Page 2 of 5

Re: Op amp matching

Posted: Wed Mar 27, 2019 10:36 am
by JR.
terkio wrote: Wed Mar 27, 2019 8:48 am
KMN wrote: Wed Mar 20, 2019 12:52 pm I just discovered the LMP2021. It has very low offset and it is pretty quiet.
http://www.ti.com/lit/ds/symlink/lmp2021.pdf
Fantastic Vos. Trouble is, for me, I need +15V -15V op amps.
I just couldn't get the choppers quiet in my circuit, though they are also working for me.
How bad is it ? How to cope with it ?
There may be a way to use a chopper for it's superior DC characteristic in a servo topology that uses just the DC and severely LPF the chopper noise.

No I have never tried this.

JR

Re: Op amp matching

Posted: Wed Mar 27, 2019 6:11 pm
by KMN
When I tried this with the OPA2189 and when it was still making my circuit noisy I gave up. Notice it way over at the right hand side. How much LPF is it going to take? lol

LMP2021 was looking perfect until I noticed the limited rails. The cost is really nice too. It's too bad.

Re: Op amp matching

Posted: Wed Mar 27, 2019 6:38 pm
by KMN
actually, just to be clear. I believe it was the opa335 I didn't like and not the OPA2189. I don't recall if I ever did the noise simulation on that one. 2189.

Re: Op amp matching

Posted: Wed Mar 27, 2019 6:54 pm
by KMN
OK Im at work should be working on non audio simulations but since I'm an ijit and wanted the whole internet to know...went back and had another quick look. For me, in an integrator such as the one I posted above, the OPA335 was horribly noisy even with a ton of LPF.

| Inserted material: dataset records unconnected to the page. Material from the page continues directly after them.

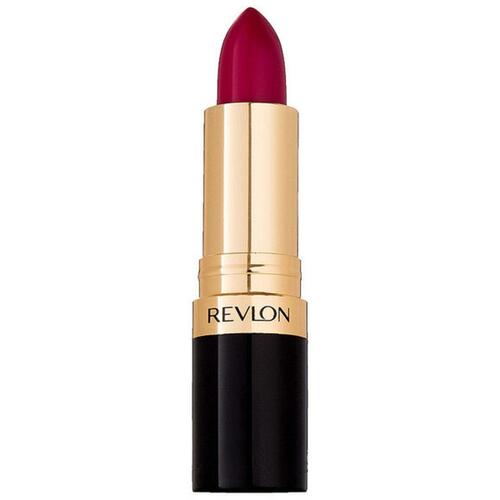 Fugtgivende Læbestift Super Lustrous Revlon 3,7 g 825 - Lovers Coral - 3,7 g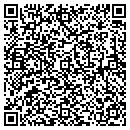 QR code with Harlem Pool contacts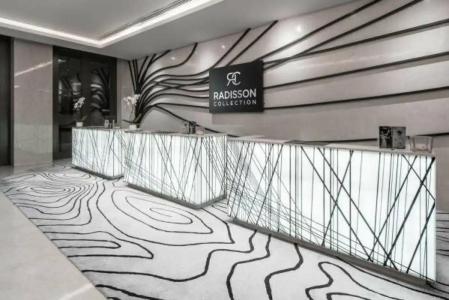 Radisson Collection Muscat, Hormuz Grand - 38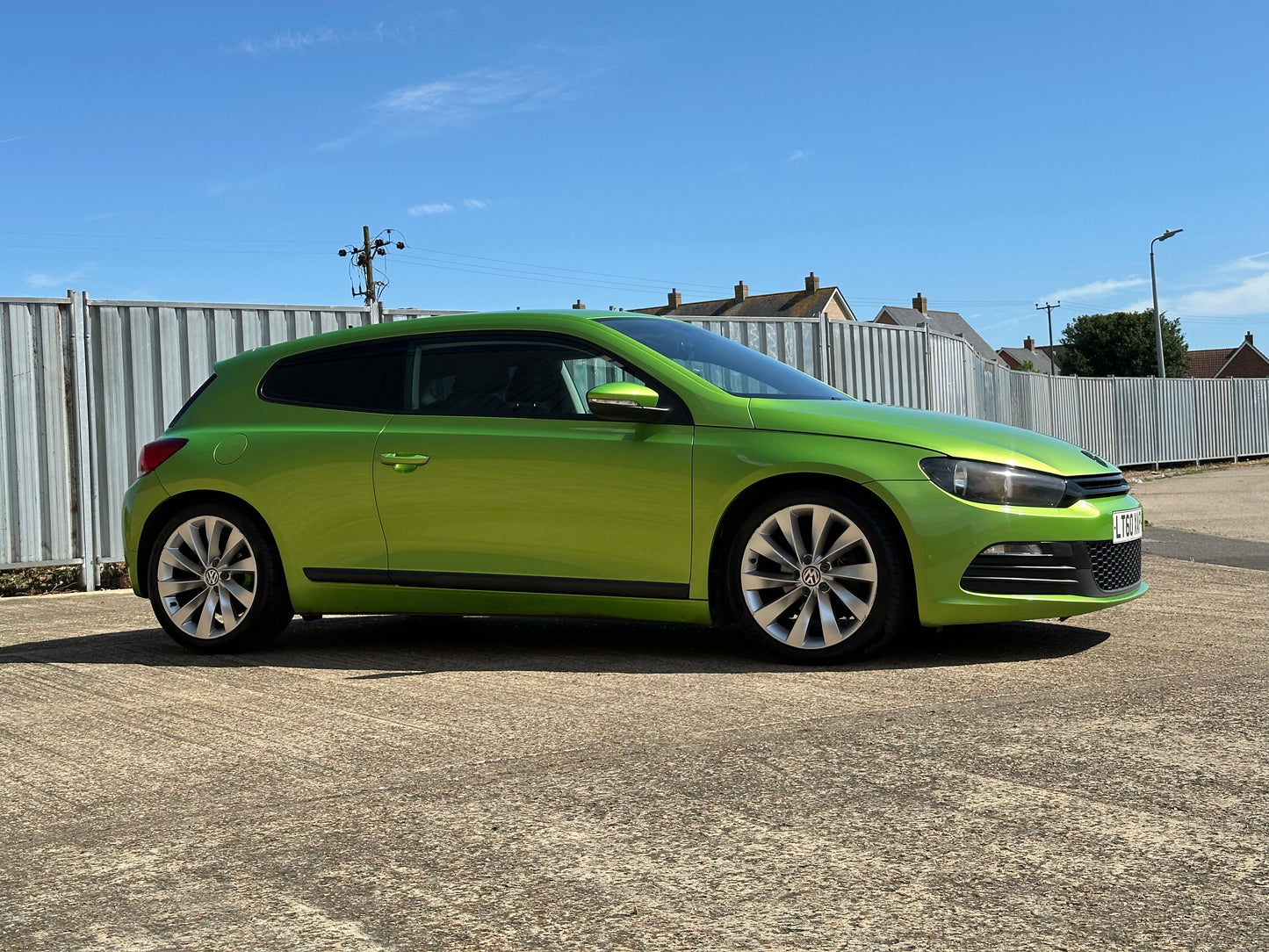 VOLKSWAGEN SCIROCCO 1.4 TSI 122 3dr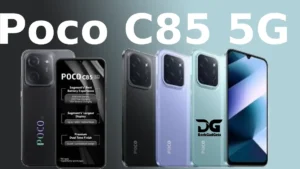 POCO C85 5G Unboxing and Review | 5G Smartphone under 11000 | POCO C85 5G Camera and Battery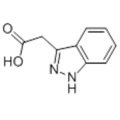 (1H-INDAZOL-3-YL) -AKETİK ASİT CAS 26663-42-3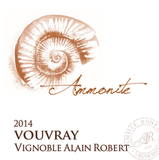 Alain Robert Vouvray Sec Ammonite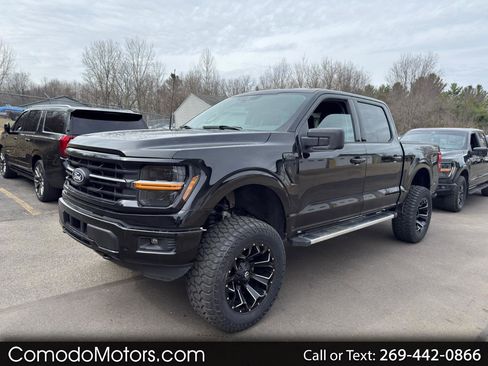 Used 2025 Ford F150 XLT w/ Equipment Group 301A Standard image 1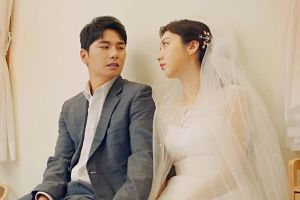 Lee Yi Kyung disparaît le jour de son mariage et réapparaît sous une version plus jeune de lui-même dans le nouveau film "Cafe Midnight"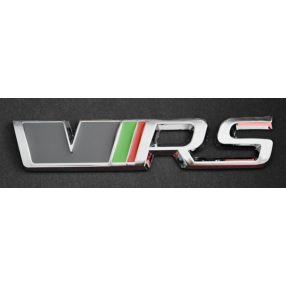 3D logo Skoda Fém öntapadós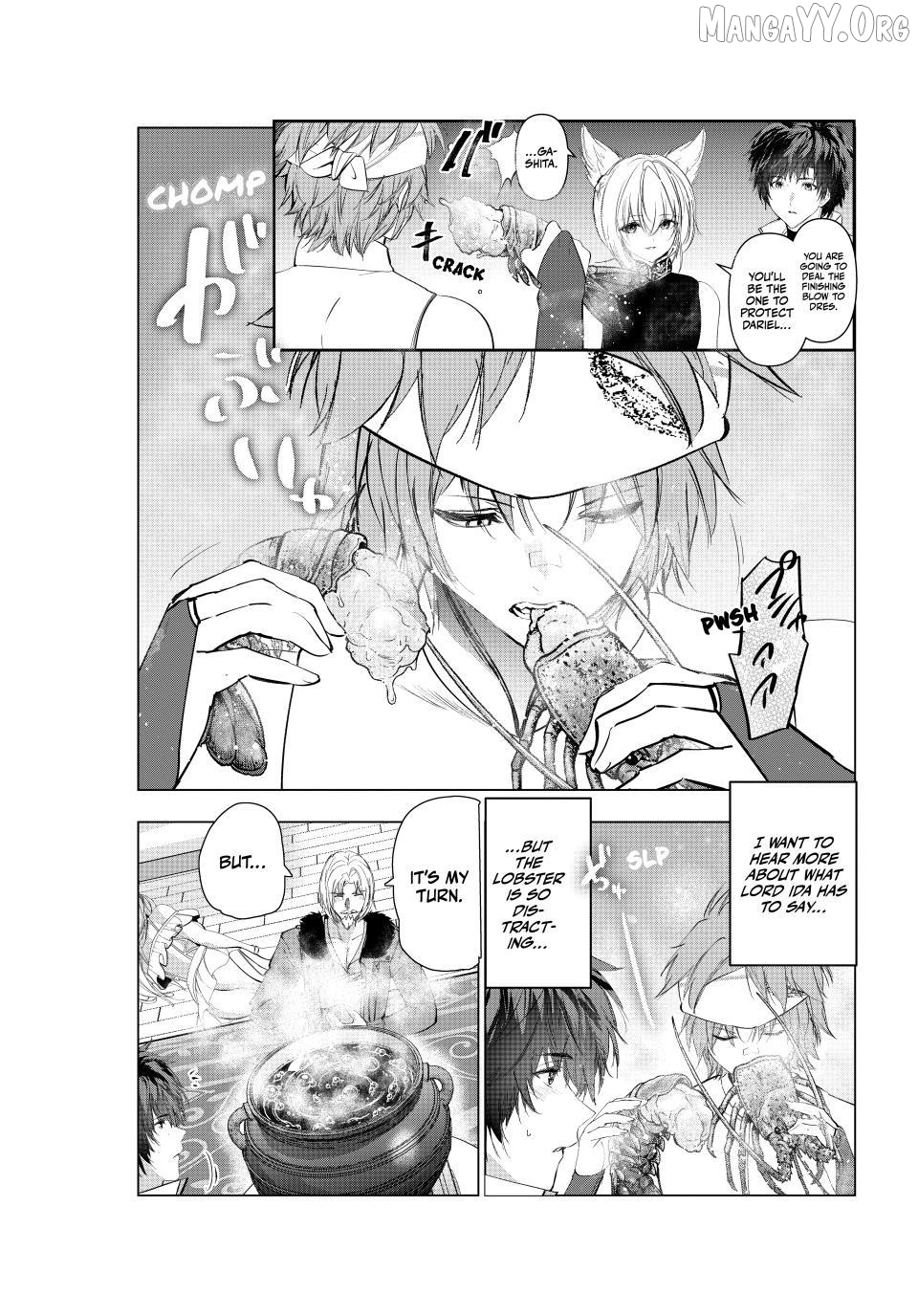 Chillin' in My 30s After Getting Fired from the Demon King's Army Chapter 78 - page 1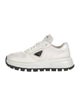 Prada Leather Sneakers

On the contrary. The OPA2189 is not noisy at all. I don't know why I missed that before. It has excellent Vos specs per the data sheet and also seems fairly reasonably priced on Digikey, or at least reasonable compared to the linear tech parts I normally simulate with.

Summary. Please do have a look at the OPA2189 I made false claims about it earlier.

Re: Op amp matching

Posted: Thu Mar 28, 2019 9:37 pm
by montemcguire
The OPA2189 is a relatively new amplifier - it had 'preview' status in its datasheet up until 12-2018 with the rev-D datasheet, when it finally went into production status. So, you're not sleeping - it's new!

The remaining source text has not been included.